# Car accidents after midnight



## emtech419 (Aug 9, 2010)

It has been a while since I posted on here, but this was one I had to share:

I am mid 24 hour shift, and about three hours ago I got dispatched to a third party report of a motor vehicle pulled to the side of the road, unknown if the occupants were injured.  The vehicle was positioned on a road that is very narrow, with a steep cliff up on one side, and a steep cliff down on the other.  As we drive the unit up this road we pass two very inebriated persons walking back the way we had come.  We roll down our windows, and are informed by the drunk fellows that the vehicle is farther up the road.  We pull away and my partner turns to me and says "I bet you $20 those two were in the vehicle".

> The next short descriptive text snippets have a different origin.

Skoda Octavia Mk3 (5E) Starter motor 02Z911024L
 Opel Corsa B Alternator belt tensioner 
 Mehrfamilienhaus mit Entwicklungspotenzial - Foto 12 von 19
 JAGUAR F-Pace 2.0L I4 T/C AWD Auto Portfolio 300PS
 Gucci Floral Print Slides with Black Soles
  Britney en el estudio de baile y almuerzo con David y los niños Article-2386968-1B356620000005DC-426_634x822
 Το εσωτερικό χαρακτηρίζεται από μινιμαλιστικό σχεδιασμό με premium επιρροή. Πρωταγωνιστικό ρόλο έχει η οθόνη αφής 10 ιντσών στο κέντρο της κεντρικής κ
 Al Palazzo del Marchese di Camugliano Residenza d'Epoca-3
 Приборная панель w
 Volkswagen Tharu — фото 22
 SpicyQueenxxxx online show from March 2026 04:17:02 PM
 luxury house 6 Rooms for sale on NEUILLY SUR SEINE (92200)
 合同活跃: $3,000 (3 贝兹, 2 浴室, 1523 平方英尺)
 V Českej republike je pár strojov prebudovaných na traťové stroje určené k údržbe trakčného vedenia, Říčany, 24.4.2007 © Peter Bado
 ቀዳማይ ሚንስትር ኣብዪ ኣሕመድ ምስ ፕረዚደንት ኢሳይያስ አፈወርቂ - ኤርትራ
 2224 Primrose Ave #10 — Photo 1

We arrive at the car.  It had blown out a back tire and had clearly skidded down the guard rail about 100ft before coming to rest.  One of the front wheels had been torn off by the guard rail.  Sure enough, the vehicle is unoccupied.  The police went back down the road where the two drunks were arrested.

Remember that old EMS adage, "If you get dispatched to a car accident after midnight and no one on scene is drunk, keep looking, because you are missing someone"?

The best was when one of the occupants, clearly the more drunk of the two, insisted he had been driving the car, was booked for DUI, and THEN it comes out that the other guy has been driving.  So, whereas he could have just walked away, he ended up being arrested anyway for lying to the cop.


----------